**To do:** Go to the line with "Apartaments Montalegre Soldeu" in the entries below and write out every line from there through the line with "Đồ Chơi SCHLEICH", exactly and without pictures.

**Given records:**
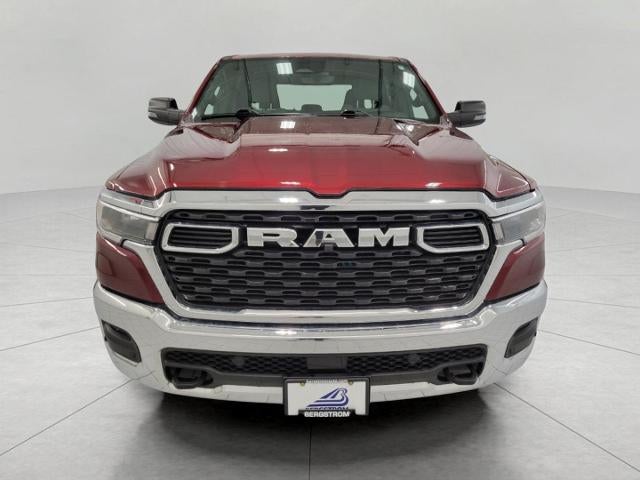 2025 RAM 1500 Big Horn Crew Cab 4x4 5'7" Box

--

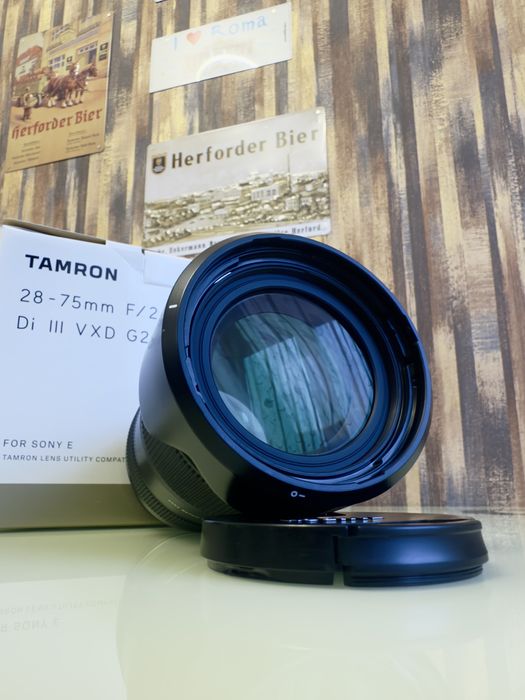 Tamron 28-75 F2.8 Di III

--

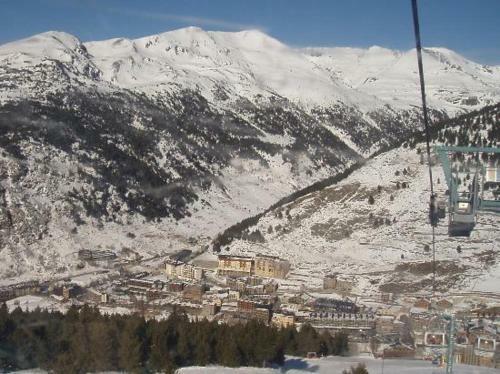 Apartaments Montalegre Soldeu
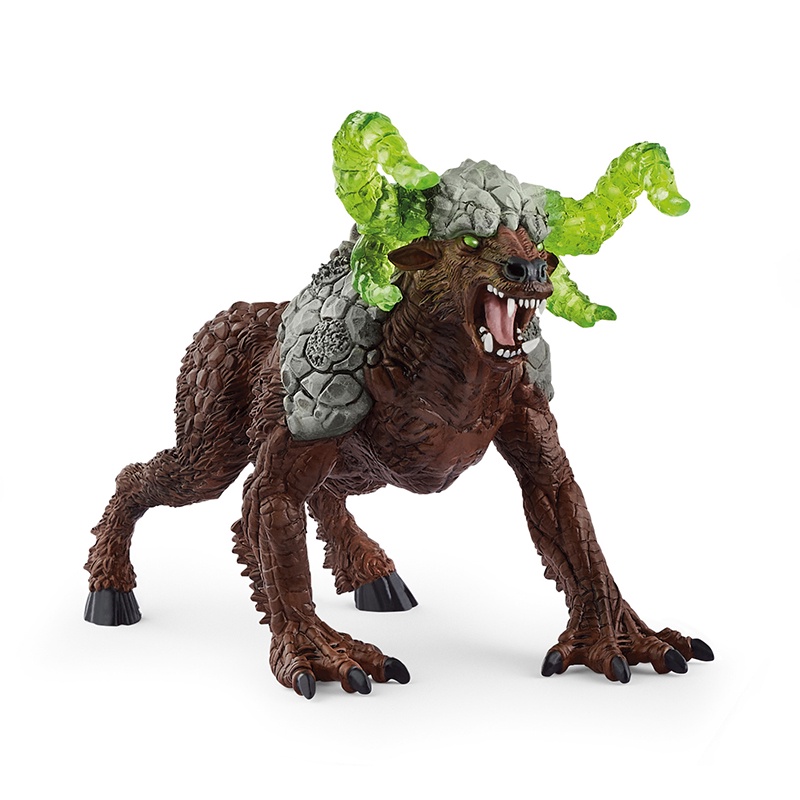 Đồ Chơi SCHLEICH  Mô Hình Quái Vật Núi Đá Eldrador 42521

**Written answer:**
 Apartaments Montalegre Soldeu
 Đồ Chơi SCHLEICH  Mô Hình Quái Vật Núi Đá Eldrador 42521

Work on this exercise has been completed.